3. The literature prep used PVA with average MW 180,000-250,000. I have not been able to find PVA with MW that high. Is this important, or can I substitute PVA with MW 145,000?

4. The lit.procedure was done on a scale of 25 g PVP resin produced. I want to scale up 4X or more. In scaling up, is the amount of radical initiator also directly scaled? Or will a smaller multiple work?

DrP - 27-3-2008 at 10:04

"Anyone have Practical Experience with Polymer Synthesis?"

- yes a fare bit. Not with your exact system but with AIBN and toluene with various other monomers and comonomers. Will you have to degass with Nitrogen or Argon? Probably a good idea if you haven't thought of it. Bubble it through the system for a few mins to get rid of any unwanted oxygen.

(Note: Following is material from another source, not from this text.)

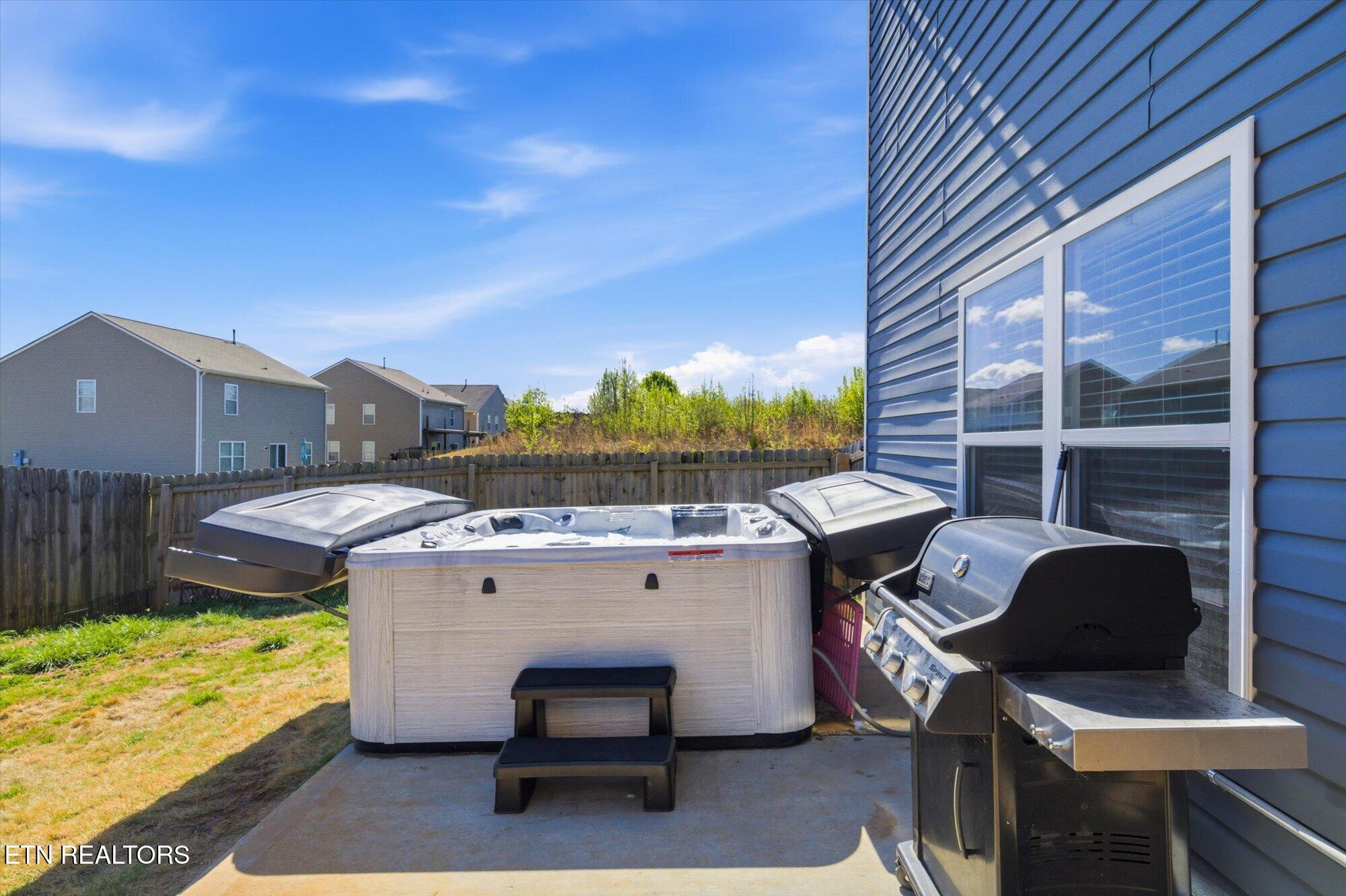 889 Old Towne Loop Drive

Here is what I know from experience rather than text book knowledge - hope it helps:


1 - I don't think it should matter. As long as your consistant using the same shape and size vessel for each of your reactions. (i.e. If you have been getting consistent yeilds, molecular weights and polydispersities with a certain shape/size flask - thats good, but if you try and scale up using different glassware you may find discrepencies). In other words as long as you are consistant from run to run you'll be fine.

2 - we used to soak for ages in a base bath (usually IPA/NaOH mixture) - wash well then transfer to an acid bath to soak for more time. Then rinse rinse rinse and rinse again - then rinse some more. Then rinse a few more times for luck. Apparently this removes surface hydroxyl groups from the glass. (so we were told - so we done this and did not have any trouble)

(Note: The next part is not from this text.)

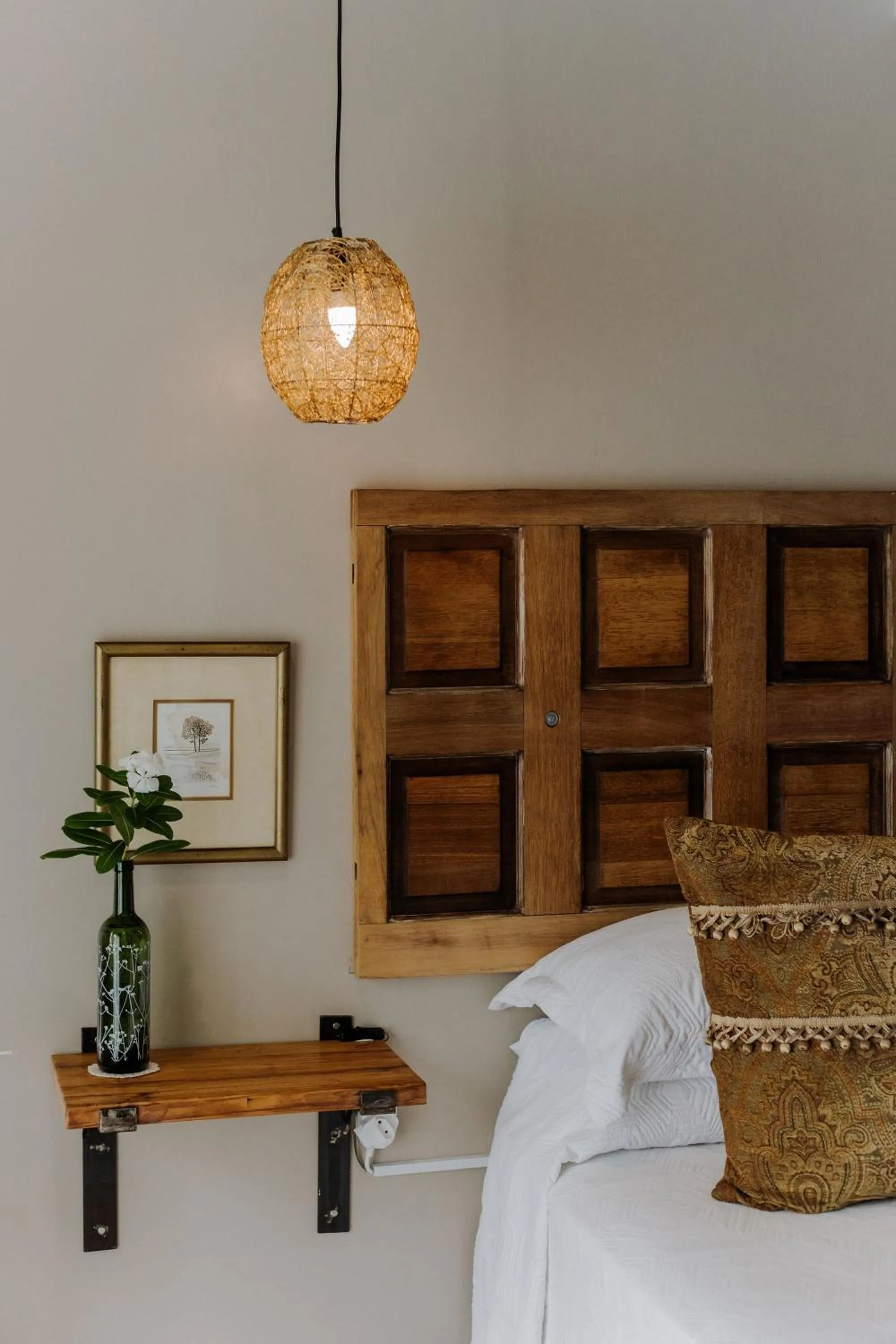 Decorative detail, Bed in iGwalagwala Guest House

3- Sory I don't know - I would guess at not. What is the PVA for? Will it latch on to the polymer you are making and be included in the cross linking? or is it just part of the solvent system? I don't think the MW will matter either way.

4 - if you use a smaller multiple you will end up with a higher molecular weight in theory ( less free radicals to monomer ratio) - however - I never found scaling up to be exact (see answer no. 1) . Can you run a couple of tests first to plot, say MW vs Initiator conc. IN THE GLASSWARE YOU INTEND to do the main run in, then choose your initiator conc. accordingly? As I said - scalling up doesn't always act as predictingly as you would expect in theory.

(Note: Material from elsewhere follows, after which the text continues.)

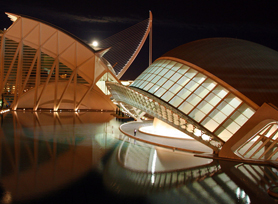 Despedidas en Valencia, disfruta del Puerto de Valencia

vulture - 27-3-2008 at 10:55

Be careful for the gel effect or Trommsdorf effect when scaling up polymerization reactions, especially radical ones. The reaction mixture can become very viscous, which hampers heat transfer, sometimes causing violent runaway.

This is usually prevented by using a water/hydrophobic mixture where the polymerization takes place in small droplets of solvent, with persulfate as the initiator in the aqueous phase. This also leads to narrower polydispersity.

Ozone - 27-3-2008 at 20:20

Your PVA should work just fine.

It looks like a suspension (there is no surfactant for an emulsion system) polymerization wherby PVA is used to suspend the developing polymer bits. This mode negates Trommsdorf effects by keeping the polymerization small (inside the droplet "microreactors") and in the presence, intimately, of a material with a very large latent heat (water).

Systems like this should scale fine b/c the initator is soluble only in monomer, which is dispersed.

PVA is made via hydrolysis of p-vinylacetate. Vinyl alcohol does not exist as acetaldehyde is much more stable. NaOH in MeOH works quite nicely (large volume of MeOH dissolves the pVAC then a small amount of NaOH dissolved in MeOH is added with stirring). It turns pink before the PVA falls out of solution. Wash it with acetone whilst filtering to get a nice powdered product.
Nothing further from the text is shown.